What distinguished the work of Edward Said on the Palestine Question was its objectivity. Despite his criticism of the state of Israel, he shunned the use of such verbiage as “the Zionist entity” and acknowledged the sufferings of the Holocaust. He did not give either the Palestinian politicians or the Arab regimes a carte blanche. His numerous books, lectures and articles about the Palestine Question have informed the debate for decades. His ideas lent strength to many in the field. That is evident by the difficulty of reading serious discourses on the subject that do not make references to his work and ideas. The standards that he applied were informed by universal values of human rights, dignity and justice. He berated those that denied the atrocities committed against the Jews in Europe, he opposed the logic of the suicide bomber, and he became a vocal critic of Chairman Arafat’s leadership and the undemocratic practices of The Palestinian Authority.

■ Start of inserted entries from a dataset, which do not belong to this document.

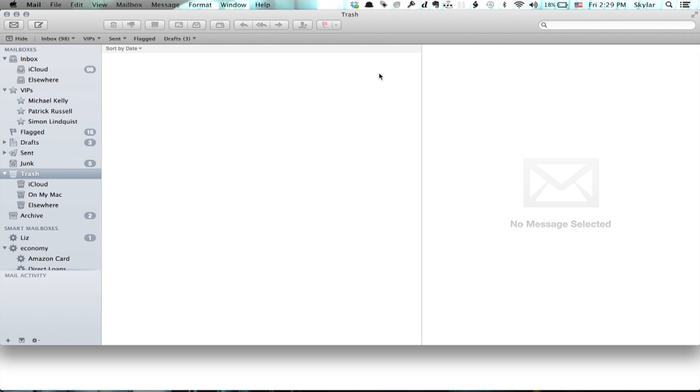So I'm in Mail. I'm running Mountain Lion, by the way, 10.8. And I'm going to hold down Command and press N to compose a new message.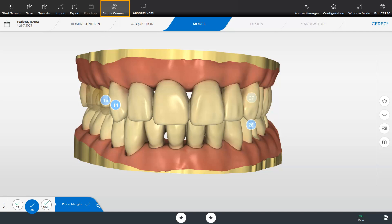With the seamless workflow with in lab and the validated workflow with ExoCAD the preparation margin is transferred in addition to the model data. Then the lab can either design and fabricate the restoration or in the case of an in lab software create only the design and send back the model and restoration data for import into the CEREC software via the connect chat.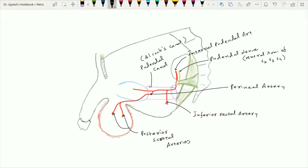The posterior scrotal arteries pass through the superficial perineal pouch after piercing the perineal membrane. After giving this perineal branch, the internal pudendal artery gives one branch called the artery to the bulb of the penis or the vestibule, which supplies the bulb of the penis or the vestibule along with the vagina in the case of a female. This artery also pierces the perineal membrane.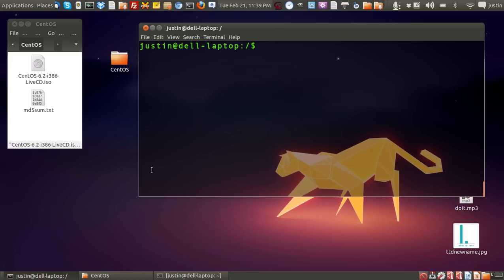G'day YouTube. This video is on how to check the MD5 checksum of some software that you've recently downloaded.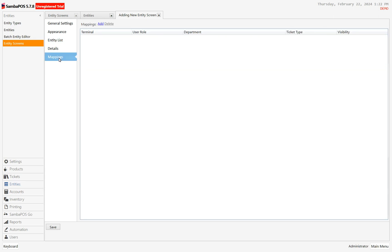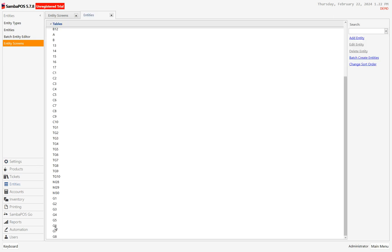The next thing I need to do is mappings. Basically what this is saying is: for which of these things does this apply? Star is a wildcard — it applies to all terminals, all user roles, all departments, and all ticket types. Once that's done, I click Save.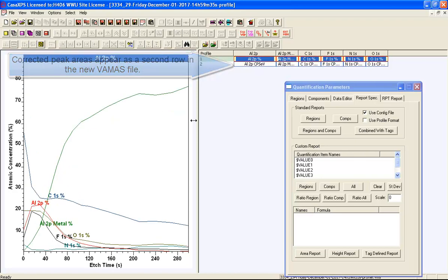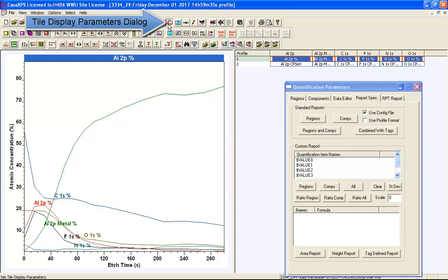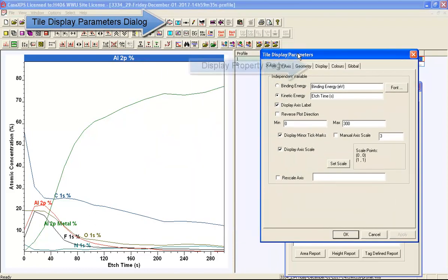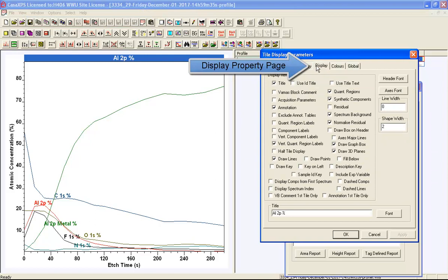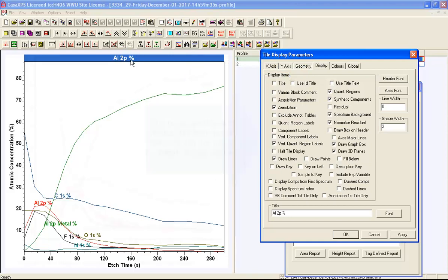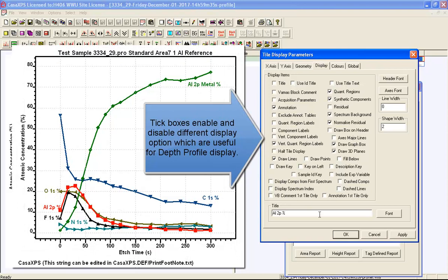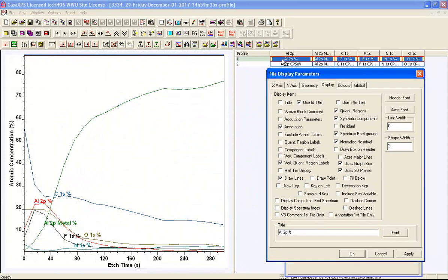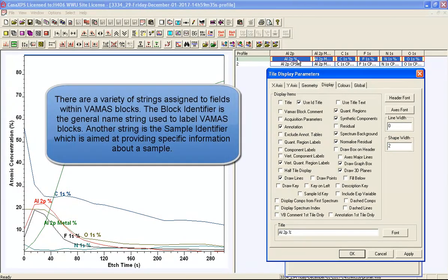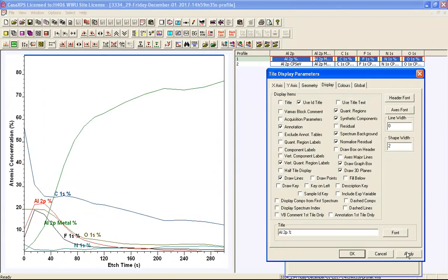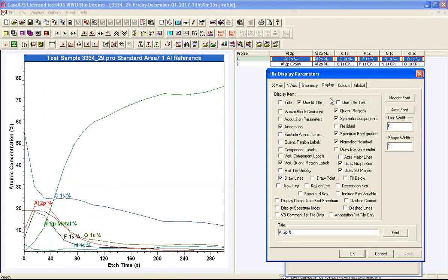The display of these traces is managed by various options in the tile display parameters dialog window. On the display property page, you can turn off the title — currently the profile title is taken from the first VAMAS block, which is 'aluminium 2p percent.' You can also replace the VAMAS block name with the sample identifier assigned to these data as the title, which is what 'use ID' means. The title then derives from the sample ID from the VAMAS blocks.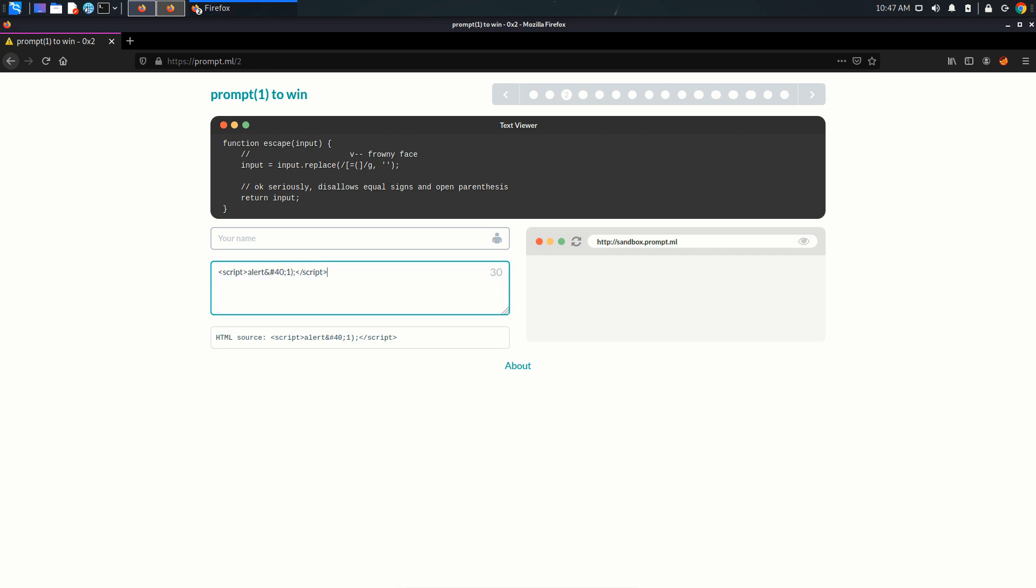So we want this payload to get executed, but how? We want this to get converted into left parenthesis and then it will become the right code and will get executed. How can we do that? We can do that by using SVG tag.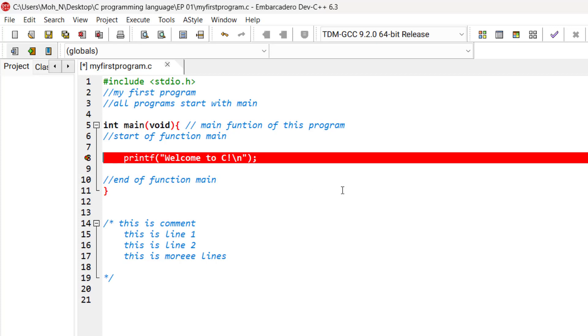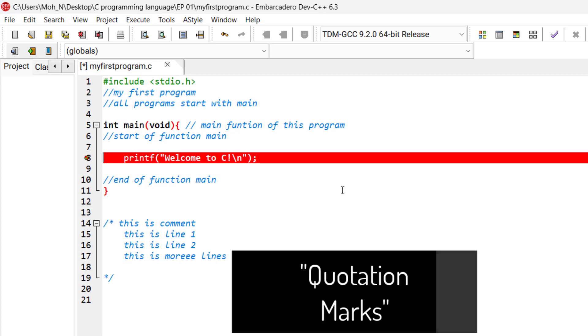The highlighted line instructs the computer to perform an action. And what is that action? That action is to display on the screen the string of characters that are enclosed in the quotation marks.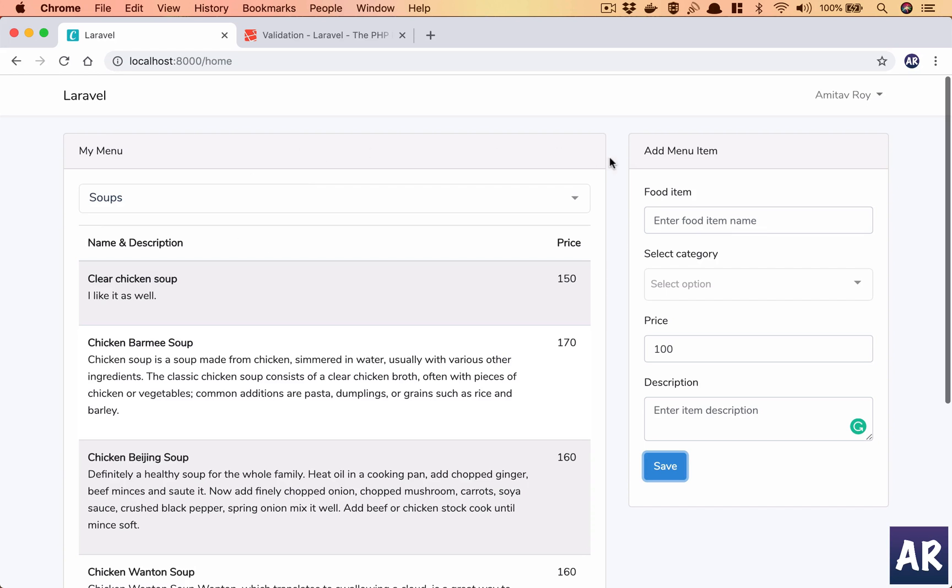So yeah, this is how the form is created, we have a working menu explorer where I can add new items. We can also do things like delete which we will do in the subsequent videos, but yeah, our basic component is ready.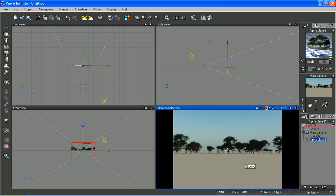And one other thing, if you wanted to thicken this up as well, you could put another alpha plane, a duplicate of this one, right behind it. Move it back a little. Offset it to the left or the right. And it would look like a whole other stand of trees right behind it.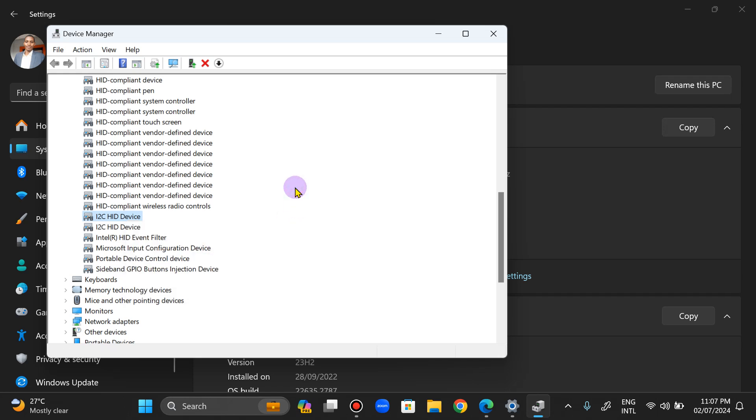And then that should be able to fix your issue with the touchpad. So mine is actually working. I hope this was very helpful for you. Thank you, bye.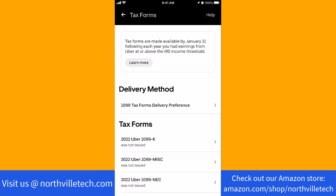Thank you so much guys for watching, and if you have not yet subscribed to our YouTube channel, please subscribe as we create tech videos almost every day. Also, check out our website northvilletech.com for great tech articles and our recommended resources in the description below for various signup bonuses.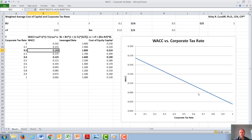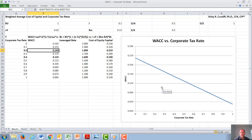Note that while corporate taxes going up decreases the cost of capital to a company, that does not mean an increase of corporate tax rates will increase the value of a company. It will, of course, do the exact opposite, because the value of a company is going to be determined by things like the free cash flow and the growth rate that they are allowed to keep their money and reinvest versus paying out in more taxes. We will discuss that topic in more detail in another video on the Modigliani and Miller theory and capital structure. Thank you for watching this video.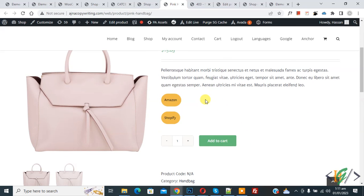So in this way you can add a custom button on a specific product. I hope you like this video. Please like, comment, share, and subscribe. Thank you for watching, see you next time.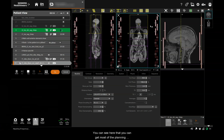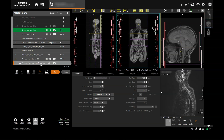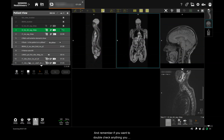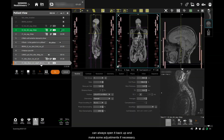You can see that you can get most of the planning done before the first spine series has reconstructed, which gives you plenty of time to look through your images later. And remember, if you want to double check anything, you can always open it back up and make some adjustments if necessary.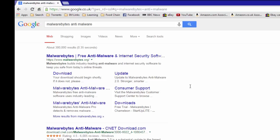As you can see, the Malwarebytes website is at the top of the list. The URL is correct — malwarebytes.org. It's always worth checking the web address before you click and go to the site, because there are fake sites that are there to mislead you, and you end up downloading the wrong software which can be full of adware.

As for a Palestinian solution, he came full circle in his beliefs. In the 70’s he advocated a single democratic state solution but then during the 80’s he adopted the view that a two state solution was acceptable. That, however, changed again after the Oslo Declaration which he saw as a Palestinian Versailles. As a result, he rejected the view that separation was workable and adopted what he liked to call a bi-national state (he did not care for the term a single, secular democratic state). To him, Israel should become “a state of its citizens and not the whole Jewish people.”
Edward Said’s passion in his Palestine writings was clear and palpable. What might have contributed to that was a feeling that he described as “out of Place”. It was an existence similar to that of an exiled person. One is not accepted as part of the social fabric of the country of residence and is equally out of place in one’s homeland; in his case he was not even permitted to visit his ancestral home. It is a difficult existence similar to being in limbo, not totally rejected but far away from being accepted.
Edward Said was above all a thinker, a teacher, a story teller. Now that he has left us, the world in general is a much poorer place, but the Palestinians in particular are desperately in need of an equally eloquent hakawati to carry on the fight and the struggle, to speak truth to power.
Let me leave you with the lyrical words of another Palestinian intellectual M. Darwish the National Poet of Palestine:
“His family is now the world. Our loss is shared, and so is our sorrow. He set Palestine at the heart of the world and brought the world into the heart of Palestine”.